La sentenza della Corte europea del 2009 ha riconosciuto tutti i possibili danni derivati dalla vicenda di Punta Perotti. E dunque la Cassazione ribadisce che ai costruttori non spetta più nulla, liberando così il Comune di Bari (ma anche la Regione e il ministero della Cultura) da ogni ulteriore onere. Le decisioni gemelle con cui ieri la Terza sezione ha ribaltato il verdetto della Corte d’appello di Bari sulle richieste di Mabar e Sud Fondi chiude, a quasi vent’anni dall’abbattimento, il caso dell’ecomostro sul lungomare.
Nel 2022 i giudici di appello avevano stabilito che alla società della famiglia Andidero spettassero altri 1,3 milioni (2,5 con rivalutazione e interessi) per tutti i danni non coperti dalla pronuncia della Cedu, che aveva riconosciuto 49 milioni alle tre imprese (c’erano anche Sud Fondi dei Matarrese e Iema). In senso analogo a settembre 2023 i giudici si erano pronunciati per la Sud Fondi, cui erano stati assegnati 8,7 milioni (11 con gli interessi). Le due imprese, con un percorso analogo ma argomentazioni diverse avevano sostenuto che dalla pronuncia di Strasburgo mancassero alcune voci, ad esempio i costi di progettazione, le tasse e la mancata rivalutazione del valore dei suoli (confiscati e poi restituiti) su cui erano stati costruiti i palazzi. Il Comune era insomma esposto per circa 14 milioni che aveva proceduto ad accantonare in bilancio.
La Cassazione, accogliendo i ricorsi di Regione (con il professor Ugo Patroni Griffi), Comune di Bari (Giorgio Costantino, Nino Matassa, Eugenio Mangone) e ministero, ha invece detto l’esatto contrario con motivazioni polemica sia nei confronti dei costruttori (accusati - nemmeno tanto velatamente - di aver «nascosto» alcuni documenti) sia dei consulenti tecnici del collegio di appello. Non è infatti usuale che in una sentenza di legittimità venga pubblicata una tabella di confronto per dimostrare che le voci di danno liquidate dalla Cedu erano già coperte.
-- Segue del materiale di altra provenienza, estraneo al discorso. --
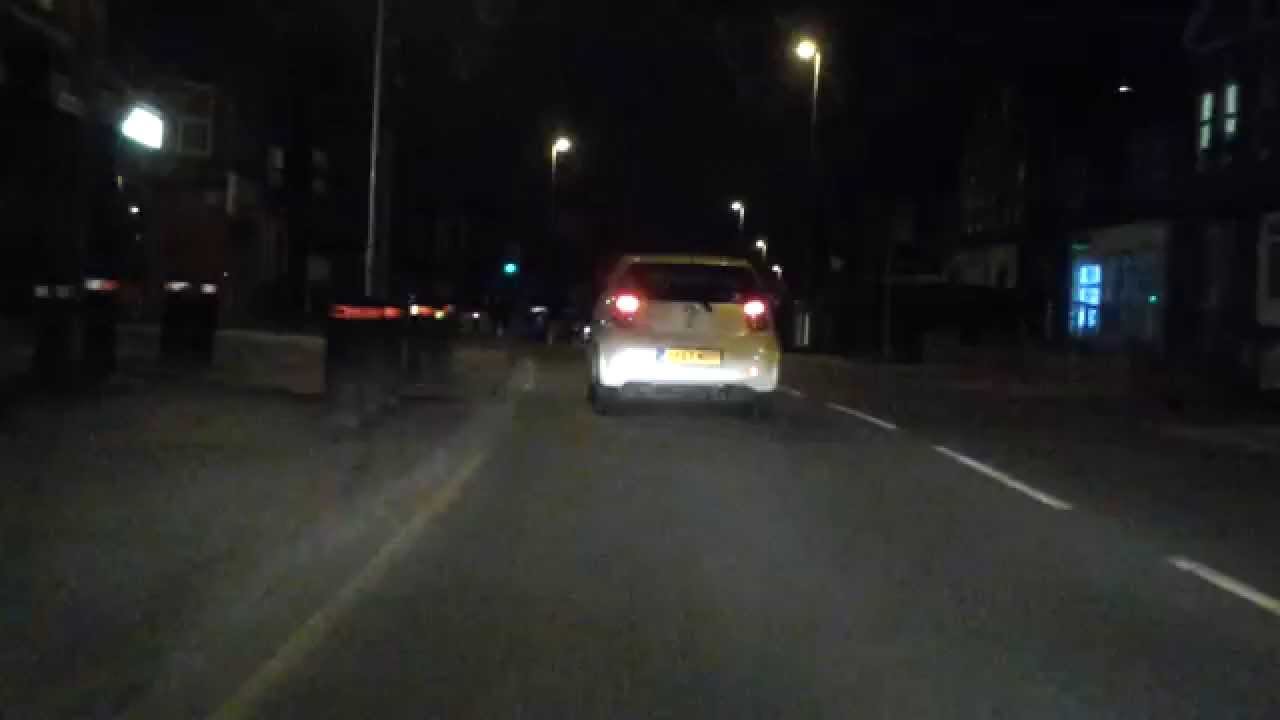 Driving through Leeds at night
Se insomma qualcosa voce manca, è perché la Cedu ha ritenuto che non fosse da pagare. « Il giudice nazionale», è detto in sentenza - «non poteva accogliere la domanda di risarcimento proposta dinanzi a lui dalla Mabar, perché così facendo ha inammissibilmente riesaminato e ribaltato le statuizioni di rigetto contenute nella sentenza della Corte Edu». Il ragionamento suona così: la decisione di Strasburgo «non ha lasciato “danni differenziali” di cui la Mabar possa chiedere il ristoro al giudice nazionale», ma anche se non fosse così ormai non c’è più niente da fare, perché ai Tribunali italiani non è consentito riaprire una vicenda già decisa a un piano più alto. «Deve concludersi che quella sentenza abbia voluto liquidare tutti i danni ritenuti provati, e rigettare la domanda di risarcimento dei danni ritenuti non provati o, se provati, non causalmente dipendenti dalla confisca. Se poi tale decisione fu equa od iniqua, esaustiva od inesaustiva, coerente od incoerente con le prove offerte, non è questione che il giudice nazionale possa sindacare senza violare il giudicato sovranazionale e senza minare lo stesso rapporto tra le due Corti».
Ad accomunare le situazioni c’è il fatto che sia Mabar che Sud Fondi sono nel frattempo finite in concordato ma anche al centro di indagini della Procura di Bari. E dunque i soldi dei risarcimenti sono stati inseriti nelle proposte di risanamento delle rispettive società. Entrambe avevano peraltro proposto ricorsi incidentali, ritenendo che le somme riconosciute in Appello fossero esigue rispetto al reale danno. Ma anche qui, hanno trovato la strada chiusa. E anzi sul punto la Cassazione ha detto, indirettamente, qualcosa in più: « Se il Comune di Bari - in ipotesi - avesse ab initio rilevato l’inedificabilità dell’area di Punta Perotti e non avesse dato seguito al piano di lottizzazione, la situazione patrimoniale della Mabar sarebbe stata la seguente: non avrebbe avviato i lavori, ma avrebbe conservato la proprietà dei terreni già acquistati, il cui valore sarebbe stato quello di terreni non edificabili». La partita, dunque, è definitivamente chiusa.